### Work order
With pictures left out, retype exactly the lines from the one containing "Newly Renovated Modern" through the final line of the entries.

### Data
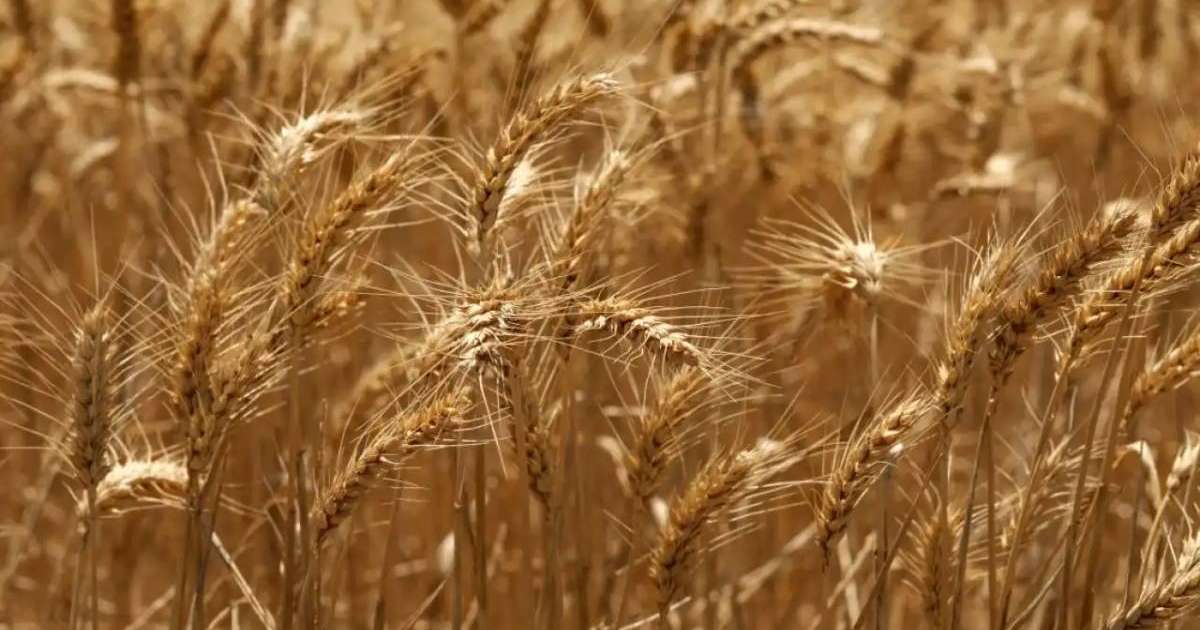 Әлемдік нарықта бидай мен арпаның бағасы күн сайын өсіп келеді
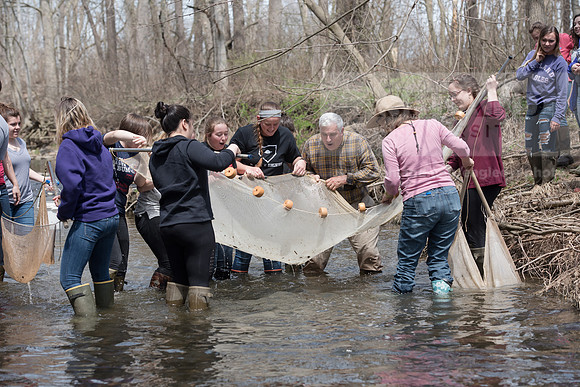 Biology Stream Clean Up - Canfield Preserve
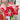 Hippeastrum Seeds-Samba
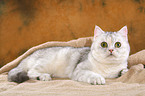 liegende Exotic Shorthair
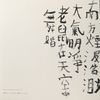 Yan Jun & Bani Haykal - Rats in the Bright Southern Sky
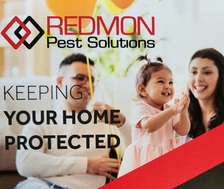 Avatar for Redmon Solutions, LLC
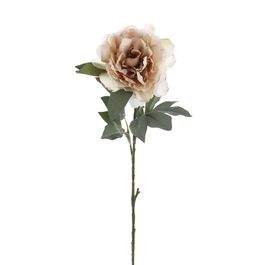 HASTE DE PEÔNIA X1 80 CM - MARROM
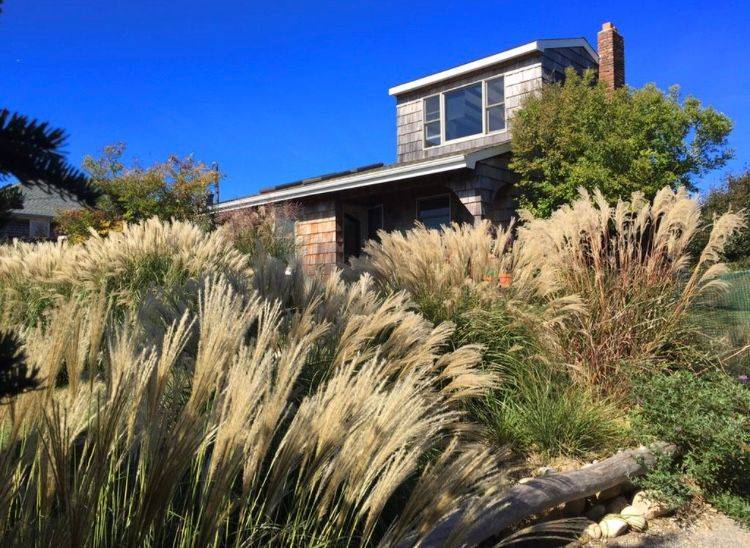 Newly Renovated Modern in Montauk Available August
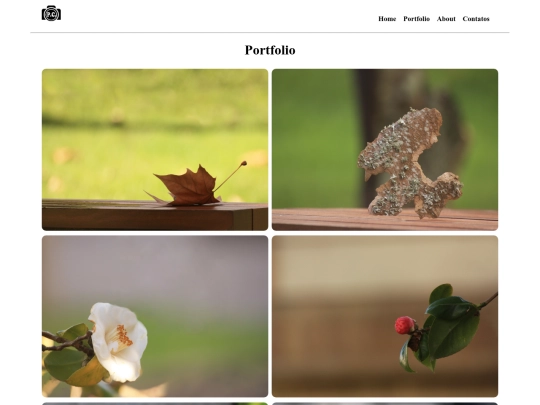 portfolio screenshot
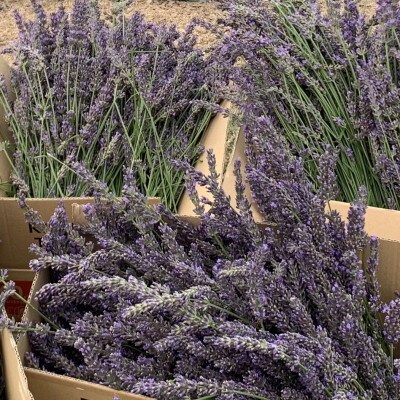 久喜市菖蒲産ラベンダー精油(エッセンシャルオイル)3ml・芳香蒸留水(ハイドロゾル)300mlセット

### Your response
 Newly Renovated Modern in Montauk Available August
 portfolio screenshot
 久喜市菖蒲産ラベンダー精油(エッセンシャルオイル)3ml・芳香蒸留水(ハイドロゾル)300mlセット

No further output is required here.